What is expected:
A word-for-word copy of the records below is needed, without the images.

[Captioned web images]
○ ○ ○ ○ ○

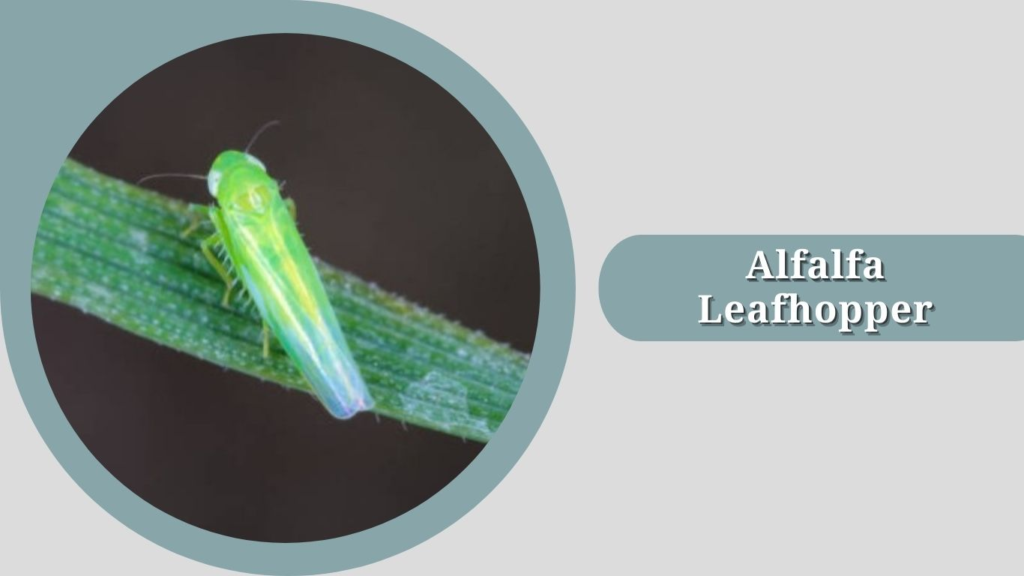 Alfalfa Leafhopper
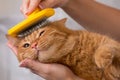 Woman combing her redhead cat Royalty Free Stock Photo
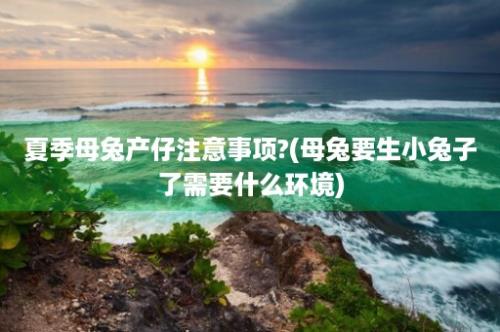 夏季母兔产仔注意事项?(母兔要生小兔子了需要什么环境)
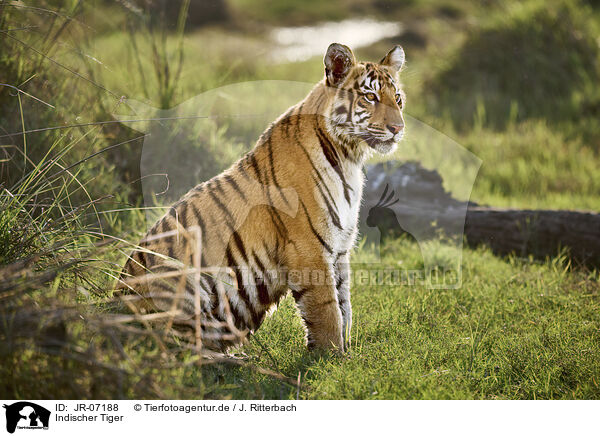 Indischer Tiger / Bengal Tiger / JR-07188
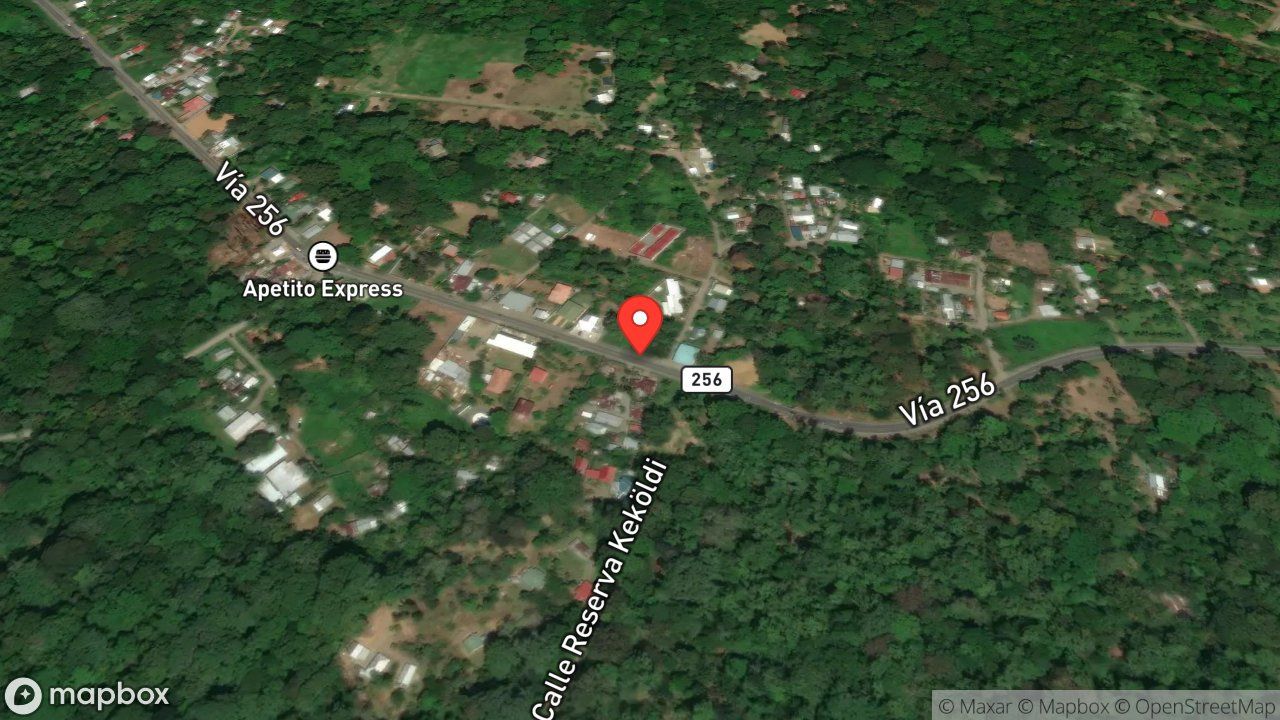 Mapa del incidente CAIDA DE ARBOL SOBRE TENDIDO ELECTRICO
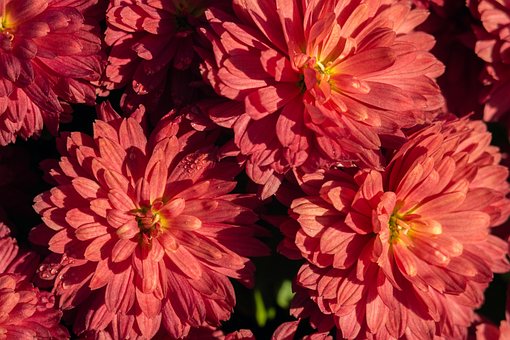 Crizanteme, Flori, Floare De Soare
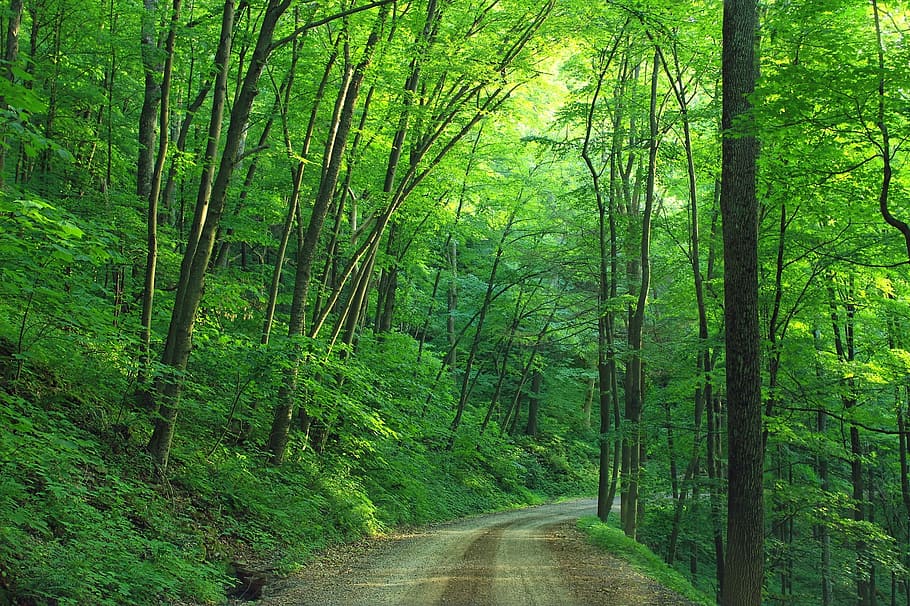 hutan, kayu, hijau, tebal, alam, pohon, subur, tanaman, tanah, jalan ke depan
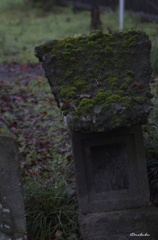 苔むす
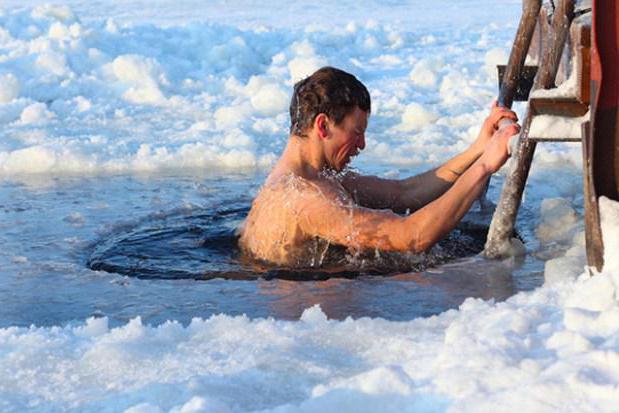 Как пить эхинацею для поднятия иммунитета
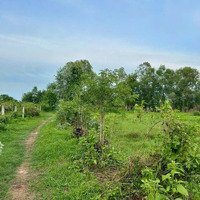 Bán Đất Nền Đẹp Tại Đường 712, Xã Tân Thuận, Hàm Thuận Nam, Bình Thuận, 2 Triệu / M2, 541.6 M2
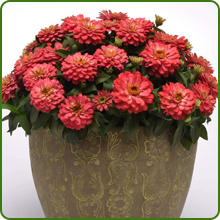image of flower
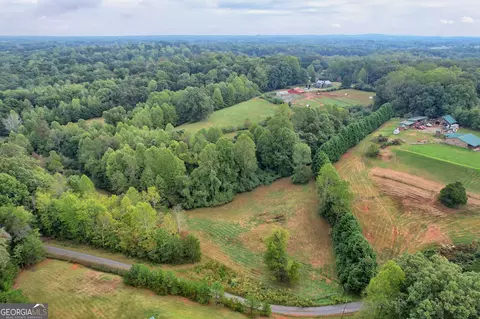 4213 Pea Ridge Rd, Cornelia, GA 30531 photo 41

○ ○ ○ ○ ○

Result:
 Alfalfa Leafhopper
 Woman combing her redhead cat Royalty Free Stock Photo
 夏季母兔产仔注意事项?(母兔要生小兔子了需要什么环境)
 Indischer Tiger / Bengal Tiger / JR-07188
 Mapa del incidente CAIDA DE ARBOL SOBRE TENDIDO ELECTRICO
 Crizanteme, Flori, Floare De Soare
 hutan, kayu, hijau, tebal, alam, pohon, subur, tanaman, tanah, jalan ke depan
 苔むす
 Как пить эхинацею для поднятия иммунитета
 Bán Đất Nền Đẹp Tại Đường 712, Xã Tân Thuận, Hàm Thuận Nam, Bình Thuận, 2 Triệu / M2, 541.6 M2
image of flower
 4213 Pea Ridge Rd, Cornelia, GA 30531 photo 41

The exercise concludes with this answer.